## [ASSIGNMENT]
Nothing below is to be printed except the lines between the line holding "1. State Essentials" and the line holding "Jollin Hotfix-Kristall-Strasssteine mit", inclusive, each exactly as it appears.

[Opening EXCERPTED RECORDS section]

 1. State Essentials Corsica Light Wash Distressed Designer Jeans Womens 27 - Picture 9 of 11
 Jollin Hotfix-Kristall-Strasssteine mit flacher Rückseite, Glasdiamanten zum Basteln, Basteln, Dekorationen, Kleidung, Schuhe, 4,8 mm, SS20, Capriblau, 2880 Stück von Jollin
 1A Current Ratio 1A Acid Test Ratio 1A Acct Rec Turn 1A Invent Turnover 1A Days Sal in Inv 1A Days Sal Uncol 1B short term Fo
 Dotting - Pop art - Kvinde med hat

[Closing EXCERPTED RECORDS section]
[Opening EXCERPTED RECORDS section]

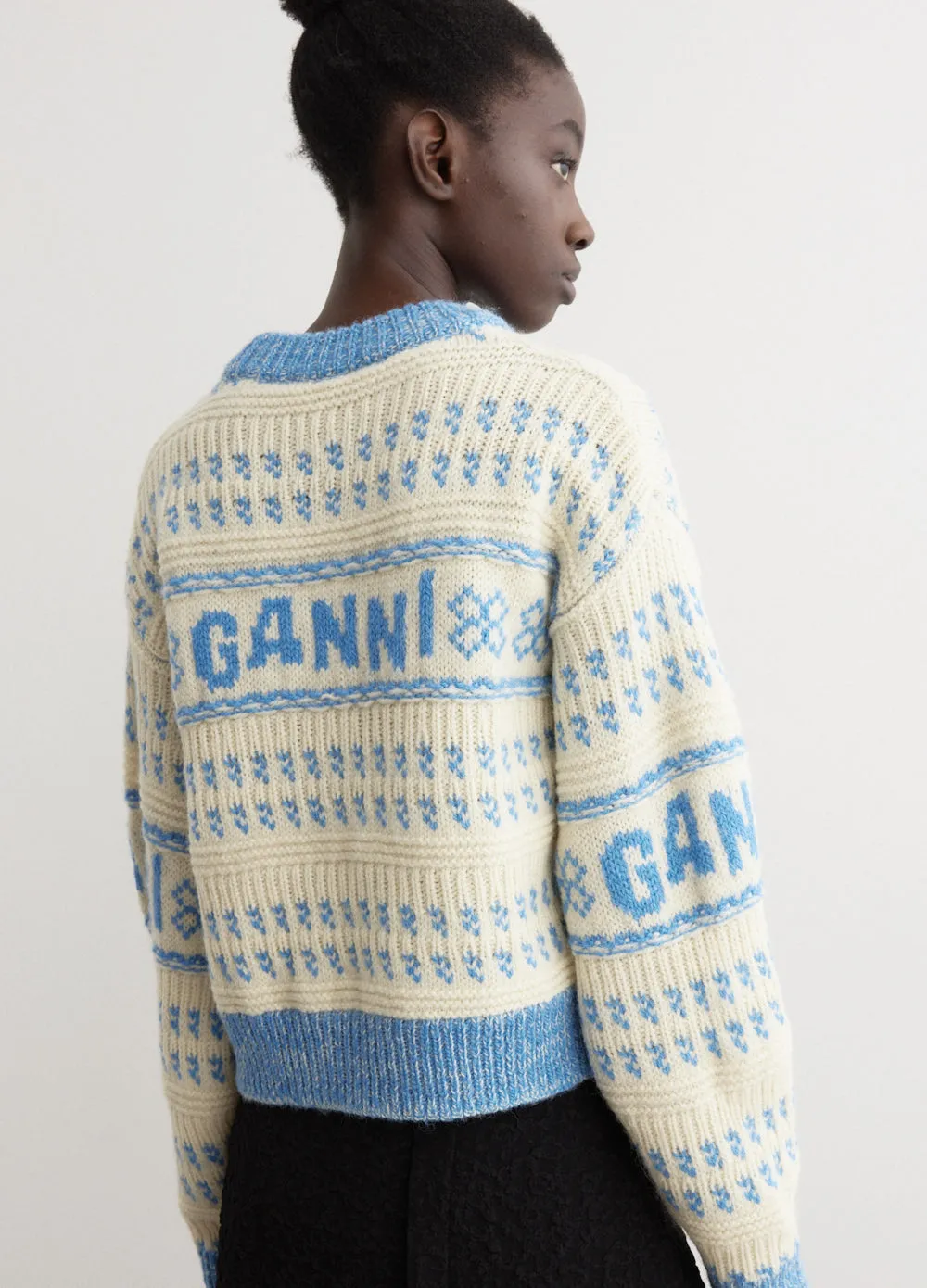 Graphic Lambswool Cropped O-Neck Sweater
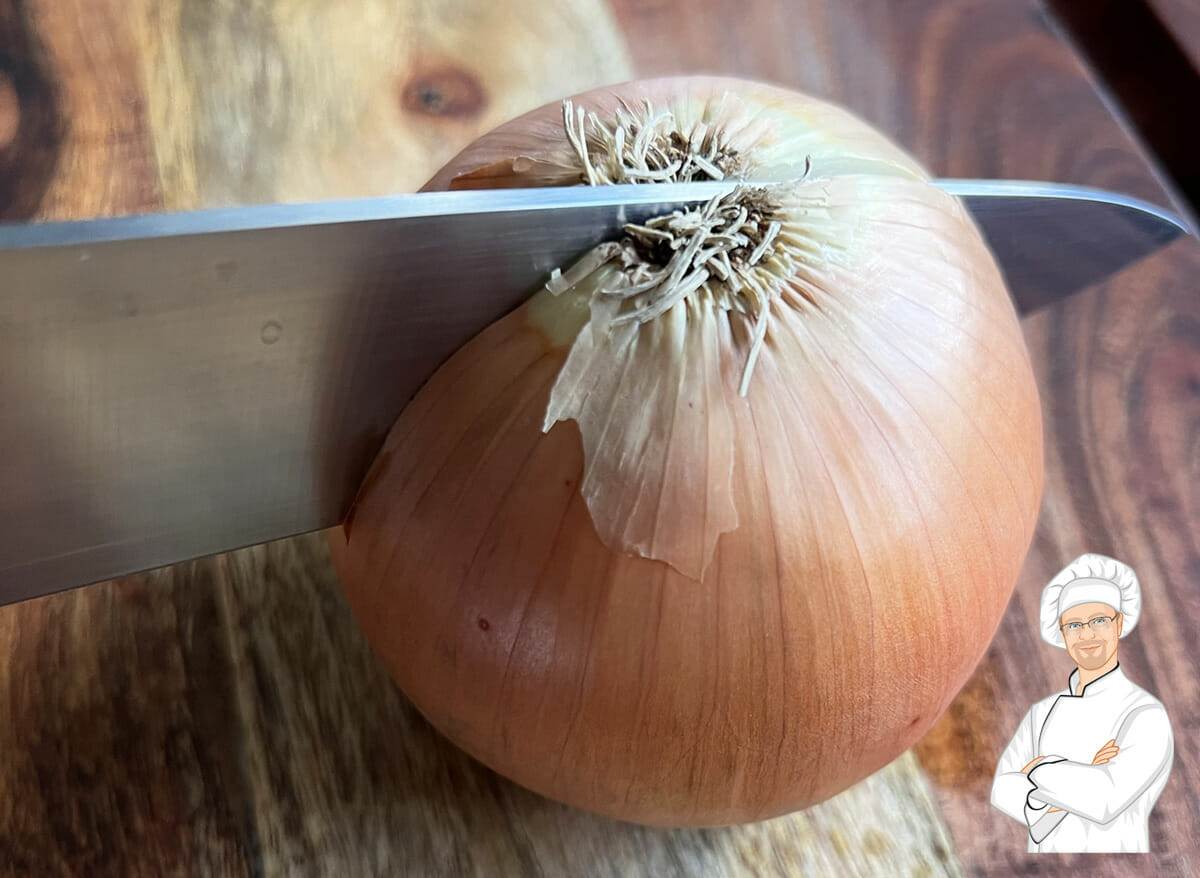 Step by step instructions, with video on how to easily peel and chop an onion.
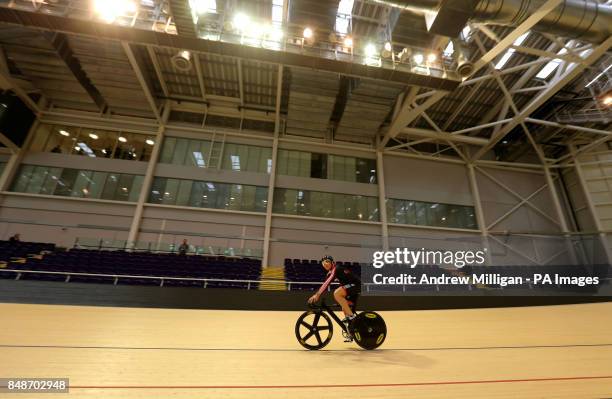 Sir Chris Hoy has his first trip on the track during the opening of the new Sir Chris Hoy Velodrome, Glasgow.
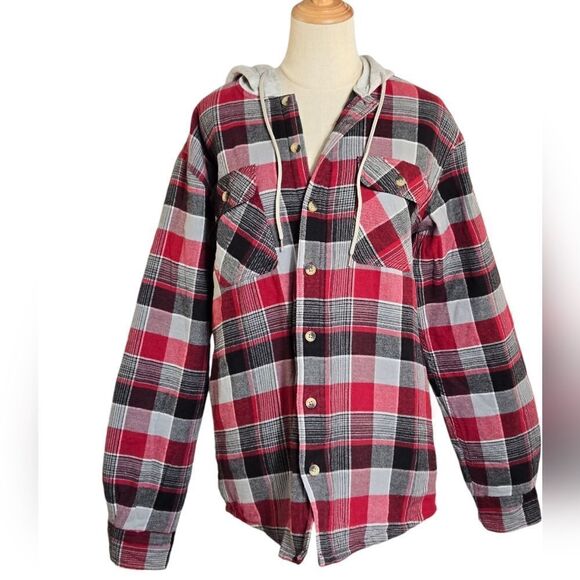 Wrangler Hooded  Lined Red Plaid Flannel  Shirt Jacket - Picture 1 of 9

[Closing EXCERPTED RECORDS section]

## [SOLUTION TO THIS TASK]
 1. State Essentials Corsica Light Wash Distressed Designer Jeans Womens 27 - Picture 9 of 11
 Jollin Hotfix-Kristall-Strasssteine mit flacher Rückseite, Glasdiamanten zum Basteln, Basteln, Dekorationen, Kleidung, Schuhe, 4,8 mm, SS20, Capriblau, 2880 Stück von Jollin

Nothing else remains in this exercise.